More than half a dozen states considered or introduced New York-style bills in 2009. Amazon waged a high-profile campaign against such bills, however, calling them “unconstitutional” and threatening to end affiliate programs in states that passed them into law, thus removing the basis for any sales tax collection.
The company’s efforts partially succeeded. In the end, Hawaii Gov. Linda Lingle vetoed a New York-style bill in her state, and Gov. Arnold Schwarzenegger threatened to veto one in California. In the end, only North Carolina and Rhode Island pushed through laws, and Amazon cut off affiliate programs there (although it continues to sell products in both states).
But the skirmishes may not be over. In California, which has enacted painful spending cuts and faces another massive budget shortfall, one lawmaker is signaling she’ll revive efforts to force internet retailers to collect sales tax.
State assemblywoman Nancy Skinner (D-Berkeley), who co-sponsored the internet sales tax collection bill last year, which Schwarzenegger threatened to veto, plans to push the notion again in budget negotiations in the new legislative session, which starts in early January.
“It’s simply not fair to say one set of businesses collects the sales tax and another one doesn’t, selling the same product,” said Skinner’s chief of staff, Frank Russo.
Daniel Schibley, a Chicago-based analyst who tracks state and local tax issues for CCH Inc., a unit of information services company Wolters Kluwer N.V., said he expects New York-style legislation to turn up again in states that continue to face grim fiscal scenarios.
“States are very much in need in revenue,” Schibley said. “You’re going to see it showing up a lot in 2010.”
The Center on Budget and Policy Priorities, a left-leaning group that focuses on issues affecting low- and moderate-income people, threw more fuel on the fire with a November report that slammed Amazon over its tax stance, saying it “hurts state and local governments’ ability to finance education, health care, and other services.”
The group accused Amazon of flaunting the physical "nexus” test, saying it collects sales tax in just four of the 17 states where it or its subsidiaries have facilities. And it dismissed arguments that Amazon would be burdened by collecting sales taxes across all the states, saying Amazon already does this behind the scenes for third-party sellers on its website and for the Target retail chain (Amazon currently runs Target's ecommerce website).
Randall Stross, a business professor at San Jose State University, wrote in a recent New York Times column that Amazon's tax position "means the loss of considerable revenue to states and localities that badly need it."

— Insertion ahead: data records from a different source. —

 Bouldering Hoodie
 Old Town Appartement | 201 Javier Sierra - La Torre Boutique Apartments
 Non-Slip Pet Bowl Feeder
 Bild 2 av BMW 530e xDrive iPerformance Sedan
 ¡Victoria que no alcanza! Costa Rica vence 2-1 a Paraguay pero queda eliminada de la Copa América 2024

New York state, which kicked off the internet sales tax push, recently gave an indication of how much revenue its “Amazon law” has generated — data that may inform debates in other states this year.

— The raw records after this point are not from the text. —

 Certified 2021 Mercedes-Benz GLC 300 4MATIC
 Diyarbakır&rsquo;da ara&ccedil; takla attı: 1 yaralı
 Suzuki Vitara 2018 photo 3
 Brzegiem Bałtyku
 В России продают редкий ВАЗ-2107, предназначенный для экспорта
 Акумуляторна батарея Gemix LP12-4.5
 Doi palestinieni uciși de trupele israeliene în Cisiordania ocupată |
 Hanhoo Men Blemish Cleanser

The New York state Department of Revenue says it brought in $53 million in sales and use tax from 30 newly registered e-commerce companies during the fiscal year that began in April 2008 and ended in March 2009. The agency expects that revenue to reach $70 million in the current fiscal year, which ends in March 2010.

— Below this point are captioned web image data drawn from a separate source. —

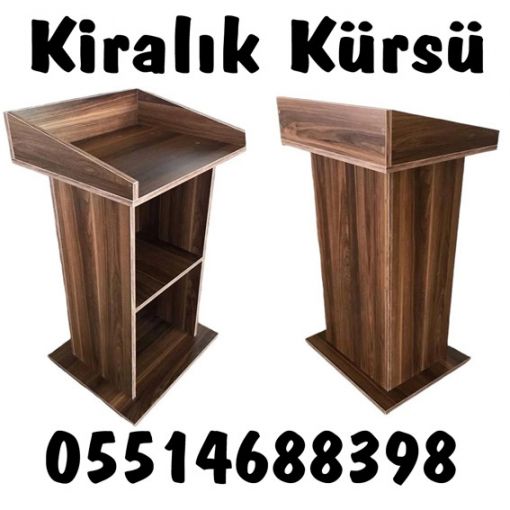 Kiralık Kürsü istanbul 05514688398 Kiralık Kürsü istanbul 05514688398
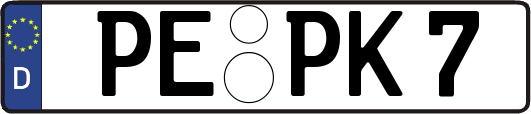 PE-PK7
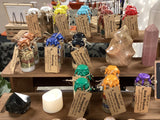 Spell Charm Bottle ~ Prosperity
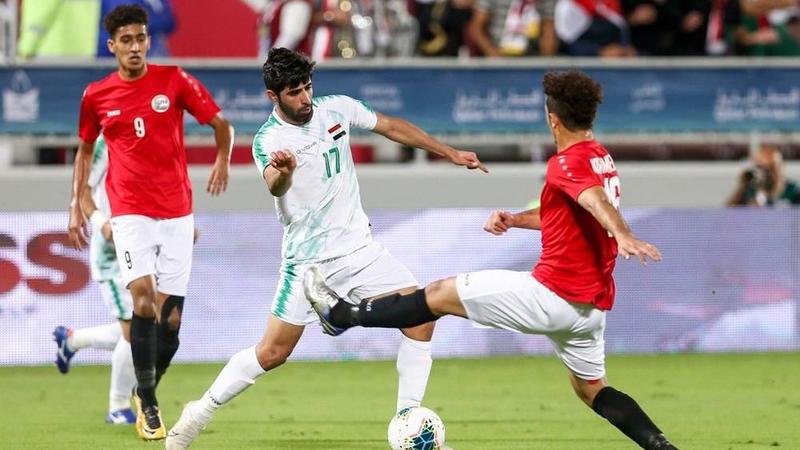 Gulf Cup 24: Yemen 0-0 Iraq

Amazon and Overstock.com are challenging the New York law in court, though Amazon is in the meantime collecting sales tax in New York. Amazon also collects sales tax in its home state of Washington, as well as in Kansas, Kentucky, and North Dakota, where it has warehouses, according to its website.
Amazon has shown support for the Streamlined Sales Tax Project, an effort dating back to 2000 to simplify and coordinate sales tax laws across the states (the project has 23 member states, including Washington). It will be interesting to see if Amazon ramps up its support for this effort, or makes some kind of push for federal sales tax legislation.